■ **ENTRIES SUPPLIED**
* * *

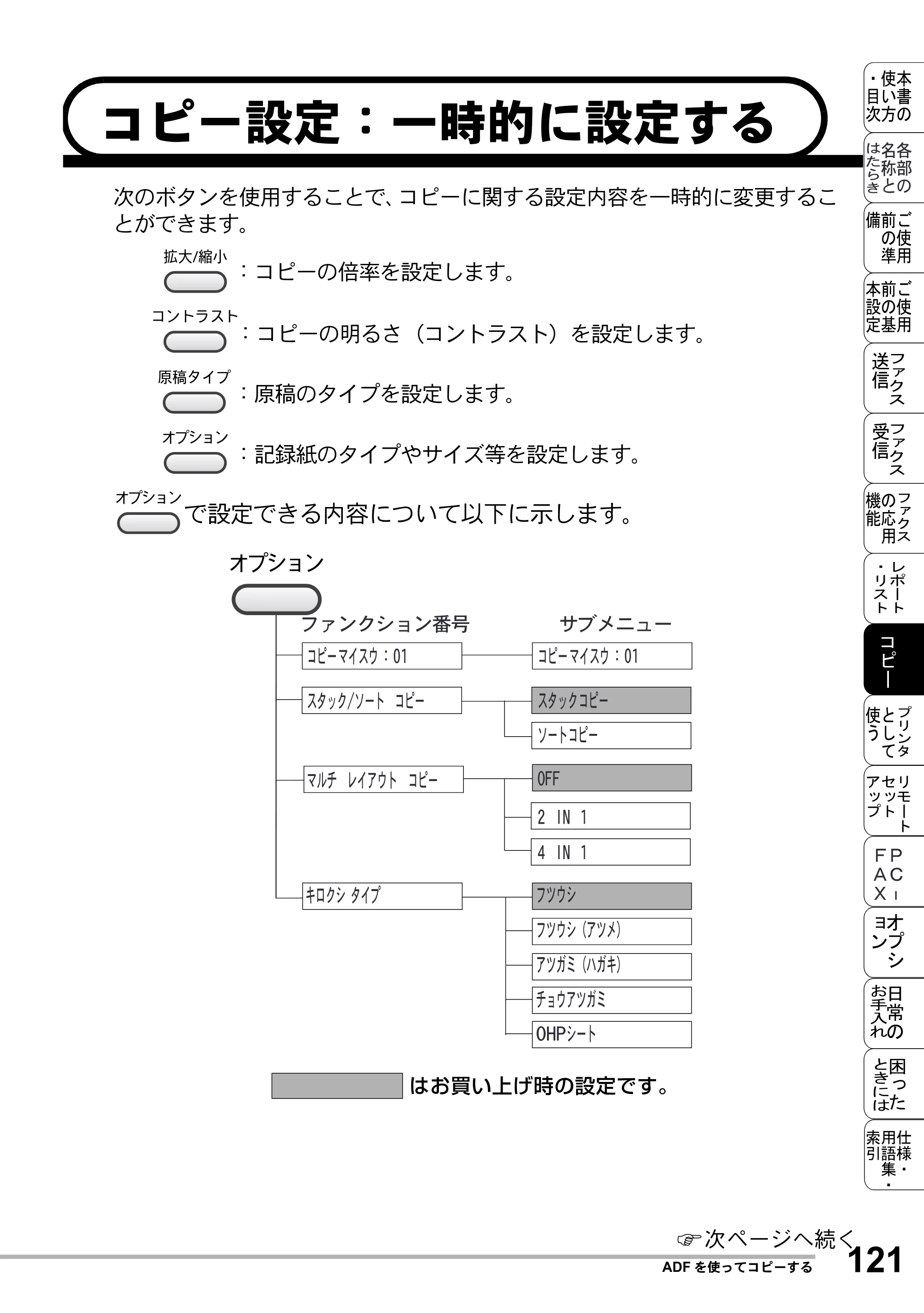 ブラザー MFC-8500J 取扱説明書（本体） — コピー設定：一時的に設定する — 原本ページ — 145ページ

* * *

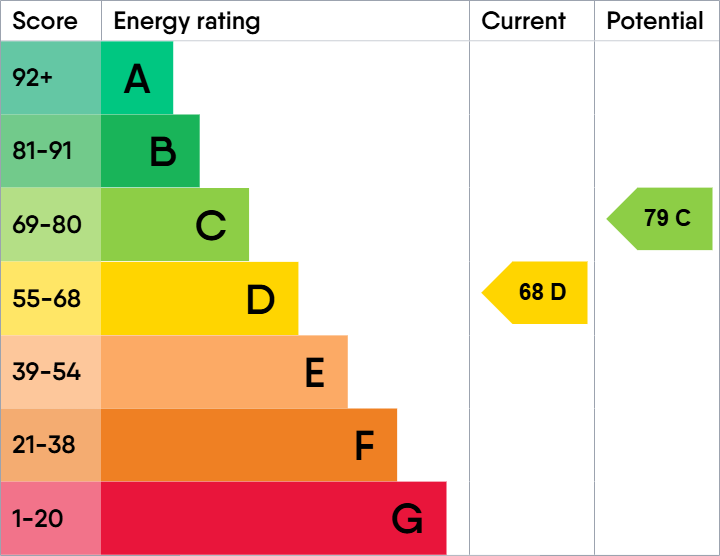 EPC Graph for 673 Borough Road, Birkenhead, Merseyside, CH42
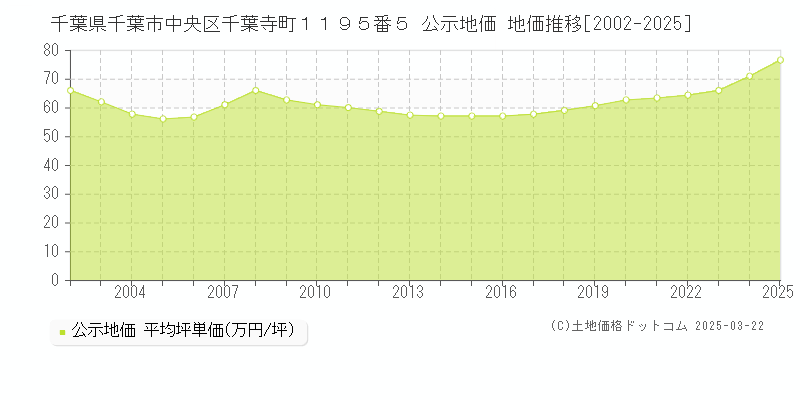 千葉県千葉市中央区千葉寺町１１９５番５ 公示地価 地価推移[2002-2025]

* * *

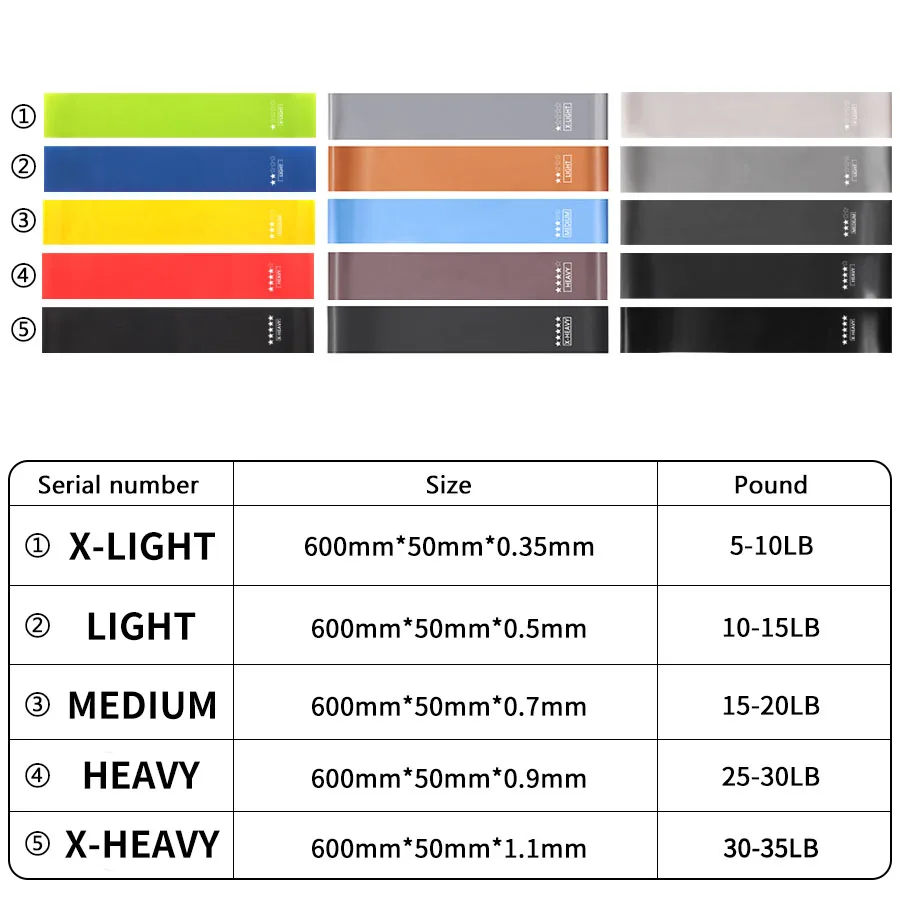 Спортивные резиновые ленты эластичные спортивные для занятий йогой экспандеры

* * *

■ **WHAT TO PRODUCE**
Transcribe exactly the lines above, beginning at the one with "EPC Graph for" and going up to and including the one with "千葉県千葉市中央区千葉寺町１１９５番５ 公示地価 地価推移[2002-2025]". Pictures do not belong in the copy.

■ **REPLY**
 EPC Graph for 673 Borough Road, Birkenhead, Merseyside, CH42
 千葉県千葉市中央区千葉寺町１１９５番５ 公示地価 地価推移[2002-2025]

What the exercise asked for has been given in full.